/ 23 July 2010

At the cutting edges of contemporary film

Over the 10-day period from July 23 to August 1, the 31st Durban International Film Festival (Diff) unleashes more than 200 screenings at various venues around the city. That’s 20 screenings a day, which represents a retina-ripping challenge far too arduous for even the most hardened cinephile.

That is where the fine art of judicious selection comes in. The most highly anticipated moment of the year among Durban’s sizeable contingent of film junkies is when they finally find themselves clutching the bible known as The Programme and then begin the exquisitely excruciating task of picking through the cavalcade of features, documentaries, shorts, workshops, seminars, markets and forums to map out their itinerary carefully for the upcoming movie marathon.

It’s like being utterly famished and then being placed before the world’s largest buffet brandishing a single plate.

For the lovers of classical cinema there’s the Ingmar Bergman retrospective. Yet it is on the selection of cult contemporary cinema that the majority of attention is placed. This year’s Diff lines up no fewer than 72 feature films from just about every country on the planet, many of which enjoy their world premieres here. Four of the most original voices in contemporary film — those of Michael Haneke, Todd Solondz, Harmony Korine and Debra Granik — have their new films in competition at the festival.

Haneke, whose previous works include Funny Games and The Piano Teacher, has an uncanny knack of impaling audiences on his subtle cinematic apocalypses, which, with agonising austerity, reveal the darkest shadows of the human condition. His most recent film, The White Ribbon, depicts a nameless dread slowly suffocating a small village in pre-World War I Germany and has been hailed as the director’s most harrowing and brilliant creation.

Solondz, whose crushing parables of American urban ennui take place in his films Welcome to the Dollhouse, Happiness, Palindromes and Storytelling, offers up a fresh batch of bleakness and humour so dark it swallows light in Life During Wartime. The film picks up the pieces of the Jordan family that was so spectacularly shattered in Happiness and furthers the director’s relentless misanthropy through favourite themes such as race, suicide, autism, sexual misery, self-hatred, terrorism and paedophilia in what many critics are calling Solondz’s boldest effort yet.
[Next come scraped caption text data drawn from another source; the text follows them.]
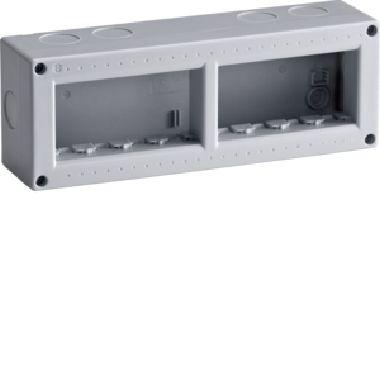 Contenitore IP40 product photo Photo 01 3XL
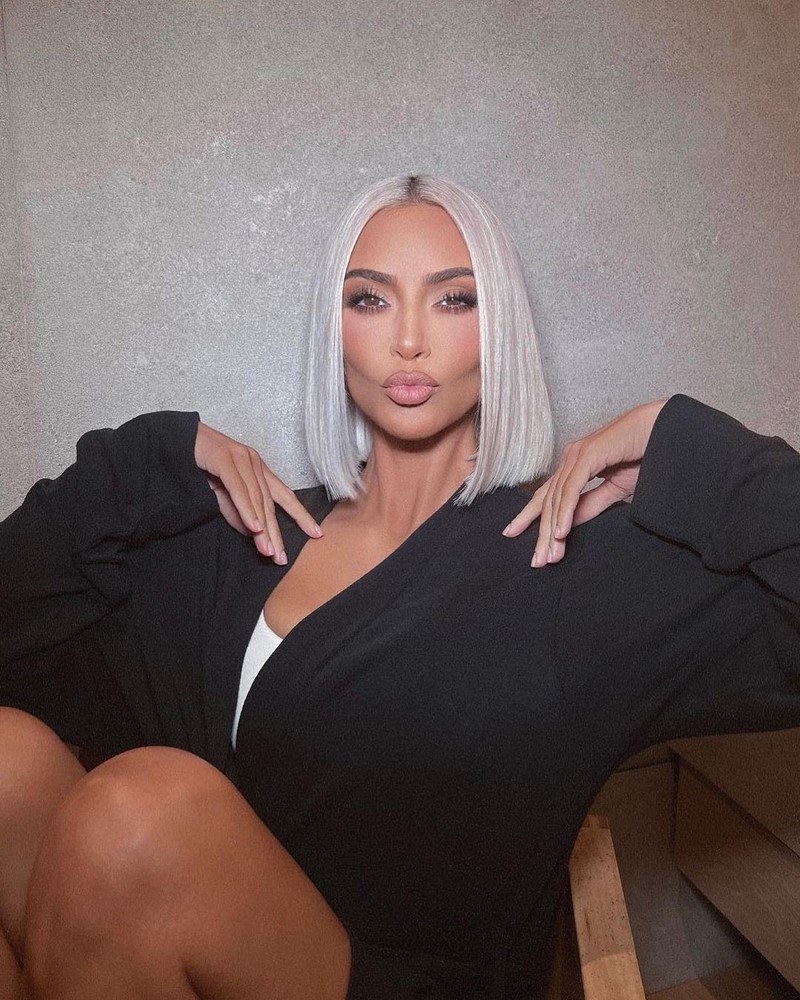 Супер новинки стрижек в сезоне 2026: ТОП-7 трендов на разную длину волос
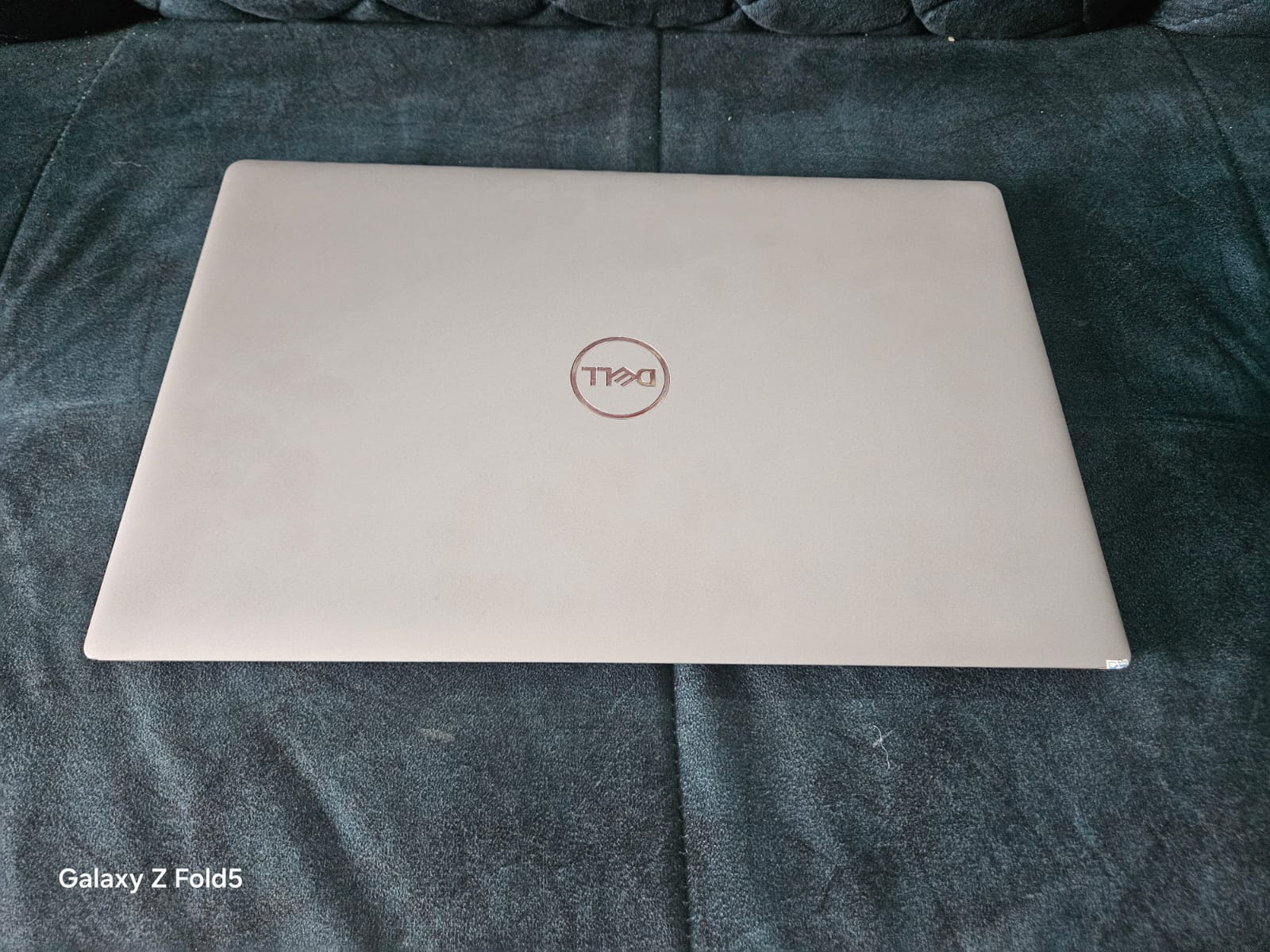 Dell 5530 Touch Screen Laptop i5,12th Generation, 4GB inbuilt  Graphics, 15.6 inches, with numerical keyboard, 16GB RAM, 512GB SSD, Less Used Laptop in Best Condition with 6 Months Seller Warranty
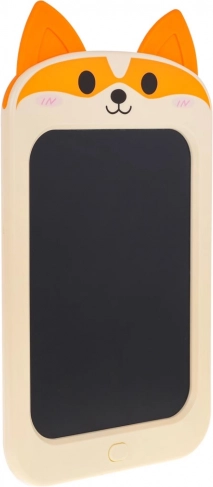 Tablet Lisek 8'5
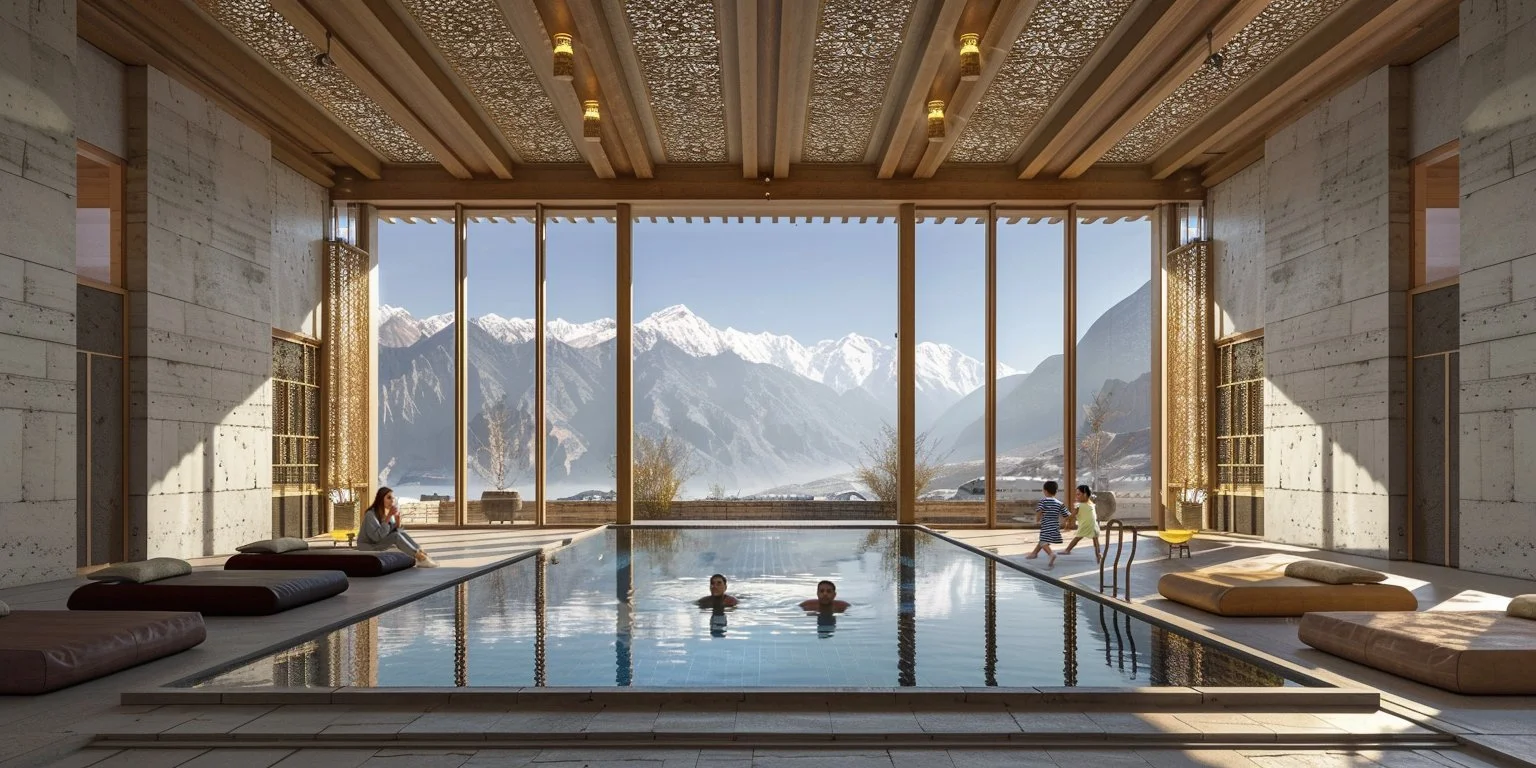 spa_interior.jpg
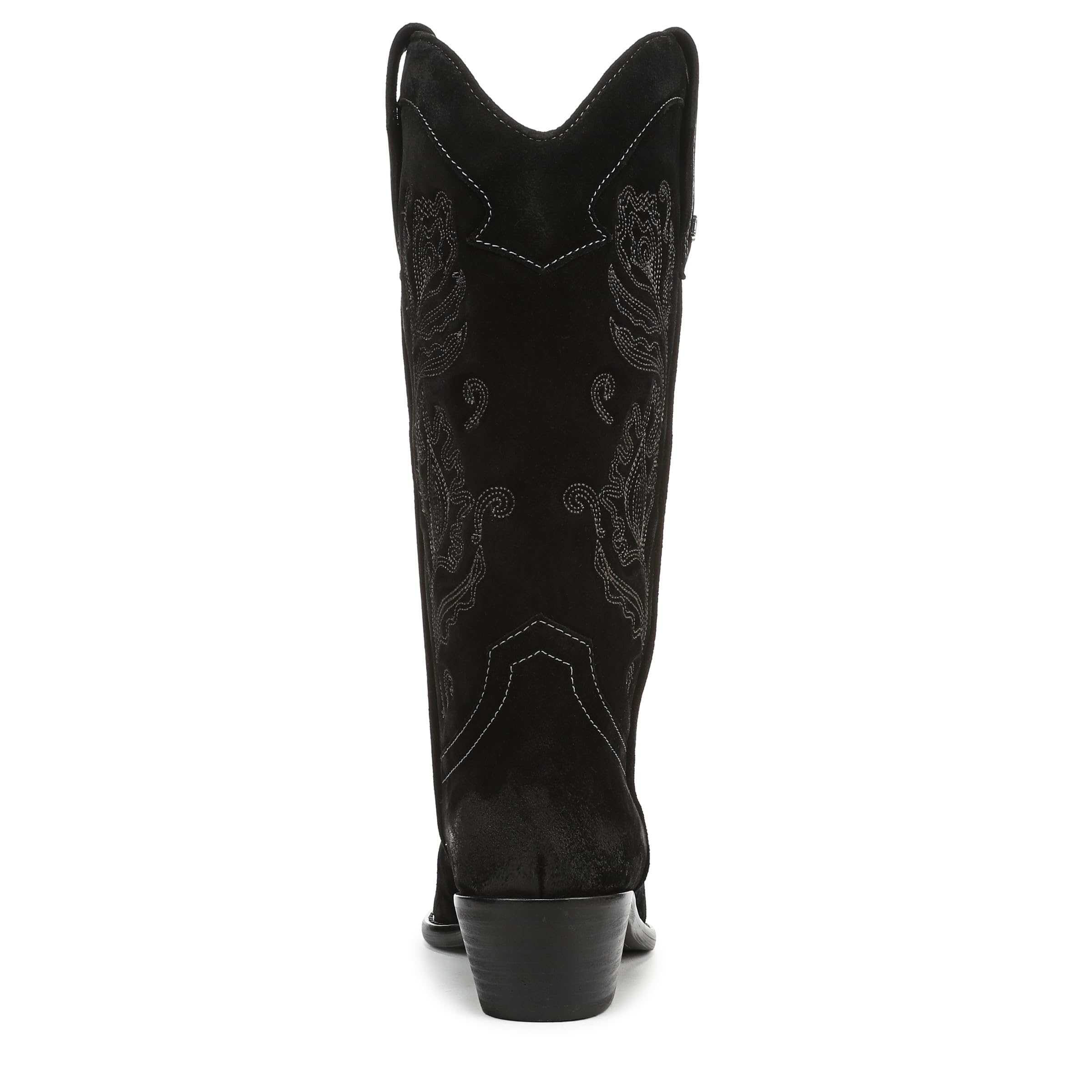 Sam Edelman Women's Rue - Image 3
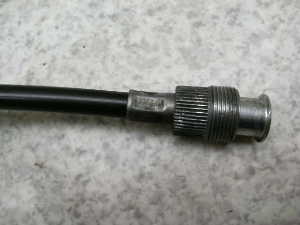 GS125E Xs[h[^[C[ NF41B-5375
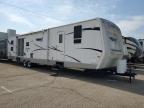 2009 Foresriver Cherokee for Sale in Moraine, OH - Side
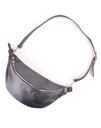 Lederen heuptas XL | 552865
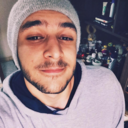 sem-limite-para-amar avatar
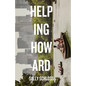 Helping Howard - Paperback
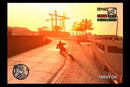 Grand Theft Auto: Liberty City Stories - PS2 spill - Retrospillkongen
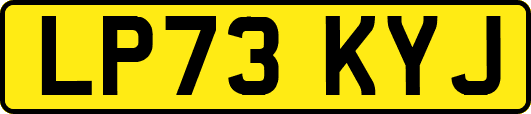 LP73KYJ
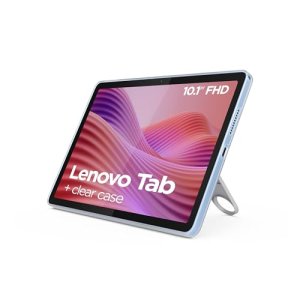 Lenovo Tablet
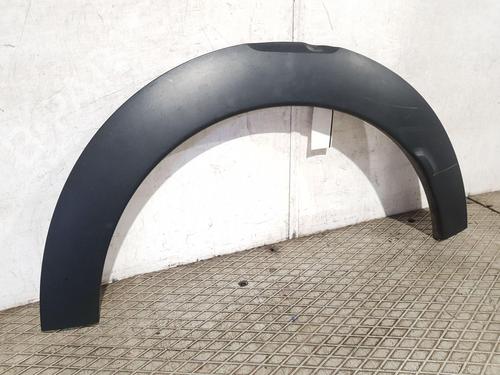 Rear left wheel arch trim CITROËN C4 CACTUS 1.6 BlueHDi 100 | BP22661272C136 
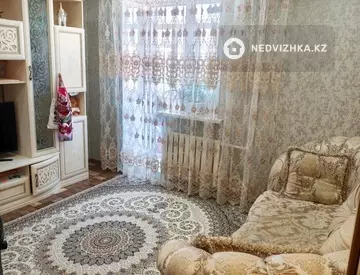 4-комнатная квартира, этаж 4 из 12, 138 м², миниатюра 8
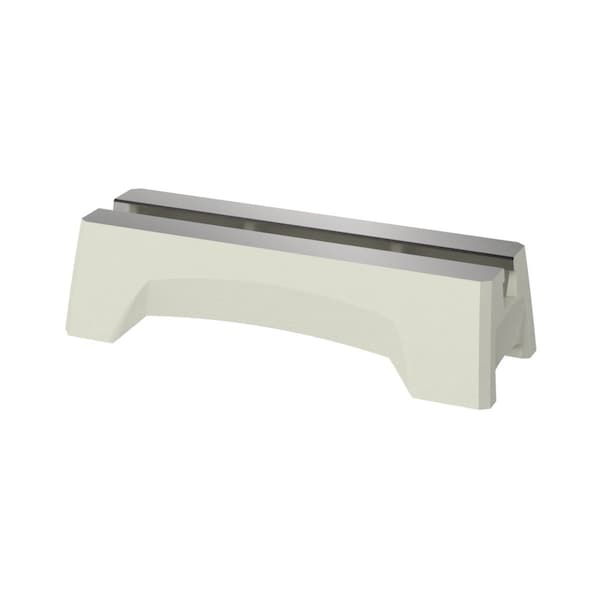 20 Ext Bed W/Post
After the revelation of Larry Clark’s groundbreaking Kids, which Korine wrote, the latter has forged an erratic career with the polarising Gummo, the mesmerising Julien Donkey Boy, the incomprehensible Mr Lonely and now Trash Humpers, a perplexing collision of nihilism, depression and Dada that only Korine could have concocted. A gang of masked miscreants, including Korine and his wife, embarks upon various demented missions, from destroying televisions with sledgehammers to killing dolls and — yes — humping trash. The film has been described as “completely appalling and utterly gripping” and “a descent into another world: beautiful in its determined ugliness and like nothing you’ve ever seen”.

Another highly acclaimed Stateside film is Winter’s Bone, Granik’s wrenching tale that New York Magazine called “the year’s most stirring film” and Entertainment Weekly described as “one of the most true-blooded epics of Americana you’re ever likely to see”. The tense, naturalistic thriller won the Grand Jury Prize at this year’s Sundance Festival and follows 17-year-old Ree Dolly as she confronts the local criminal underworld and the harsh Ozark wilderness to track down her missing father.